The recent series of columns in The Financial Post by Diane Francis on Ontario's welfare system have focused on how much a family can collect on welfare compared with income from employment.
The prolific journalist and her team of informants have worked up a good froth over the various cheaters, scammers, abusers, parasites and ''poverty pimps'' with which the Ontario system is apparently overrun.
The columns involve a reshuffling of pithy sentiments from Diane, mixed with the latest true confessions from welfare scammers who only did it to get even with the system.
EXTRA INCOME
The thrust of the series is that a family of four could earn generous amounts on the dole, thanks in part to an increase in welfare rates this year.
Not only are these princely payments swelling unemployment and bankrupting the treasury, but the NDP government is cutting back on the system's policing measures.
I will leave it to others to deal with the fact that 42% of Ontario welfare recipients are children, that only 25% of welfare cases are unemployment-related, and so forth. What is most in error is the analysis implicit in the series.

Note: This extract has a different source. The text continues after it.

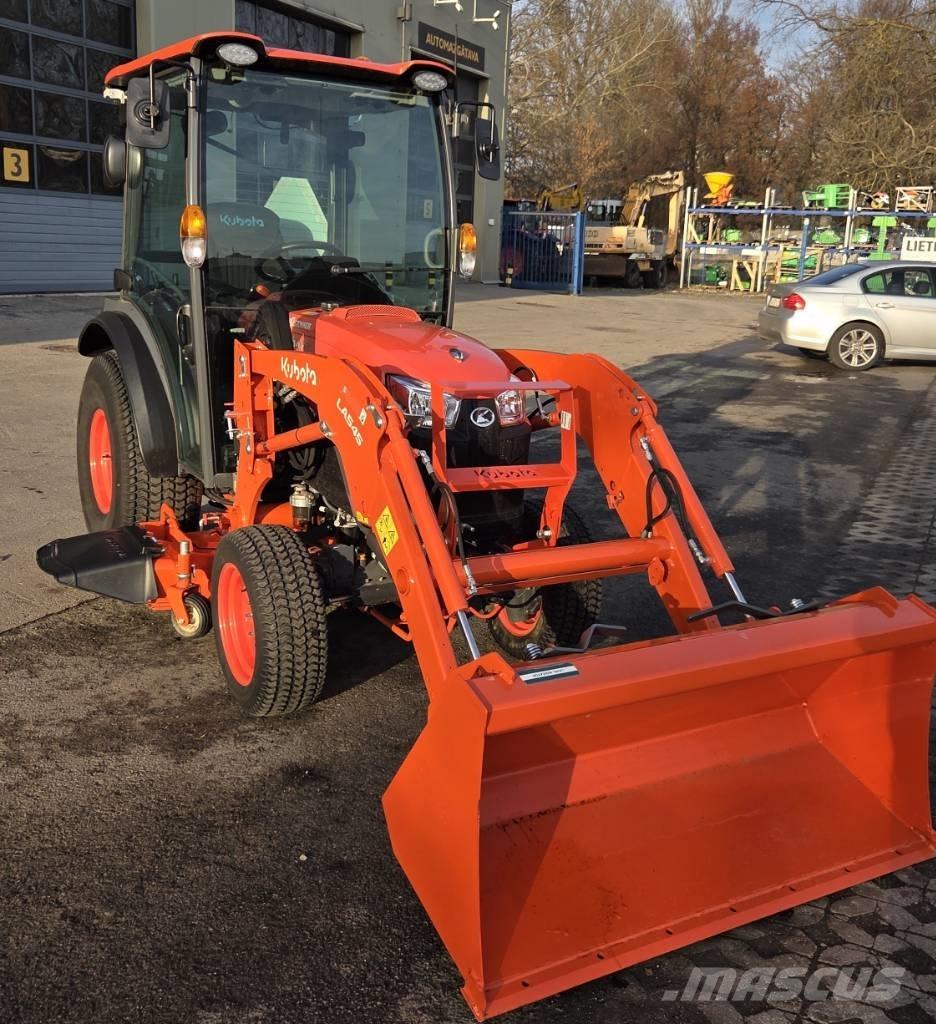 Kubota LX401 جرارات مدمجة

In all likelihood some people are abusing the system - just as some people cheat on their taxes. But one of the lessons of perestroika is that the answer to black markets and corruption is not more policing: it's to remove the incentives that give rise to anti-social behavior.
If people are better off on the dole than earning a wage, there are three possible courses of action. The approach favored by some on the right is to cut welfare payments. The left's favorite is to raise the minimum wage. But the incentive- based approach is to reduce the conflict between the two: to allow people to keep more of their social assistance payments even as they go back to work and start earning an independent income.
The biggest work disincentive to those on welfare is not the absolute size of the cheques they receive from the government, but the relationship between welfare and earned income. If a dollar more in earned income means a dollar less in social assistance, then the recipient has effectively entered the 100% tax bracket - about twice what Ken Thomson or Paul Reichmann pay.
GENEROUS AMOUNTS
At higher incomes and much lower marginal tax rates, it might be true that the extra income from welfare would reduce work effort. But at very low levels of income and confiscatory marginal tax rates, the suggestion doesn't hold up - particularly given Ms. Francis's evident concern with the disincentive effects of high tax rates on those further up the income scale.
As John Kenneth Galbraith - a man I rarely quote - has put it, the gist of this sort of analysis is that the poor don't work because they have too much money, while the rich don't work because they have too little.
A consistent approach for both rich and poor is to say that the real harm to work effort comes not from giving money to people when they don't work, but taking it away from them when they do. If we want to keep welfare from becoming a ''poverty trap,'' the goal should be to smooth out the withdrawal of payments as income rises to not more than, say, 50 cents on the dollar. The practical catch, of course, is that the more slowly payments are withdrawn, the less society can afford to pay as a basic minimum. But the principle is clear.
The simplest way to do this is to give everyone the same amount: a single, universal income supplement, with some add-ons for children and certain special cases like the disabled, taxed back at income tax rates. It's called the guaranteed annual income. Far from being a ''socialist'' dream, it was first proposed by Milton Friedman.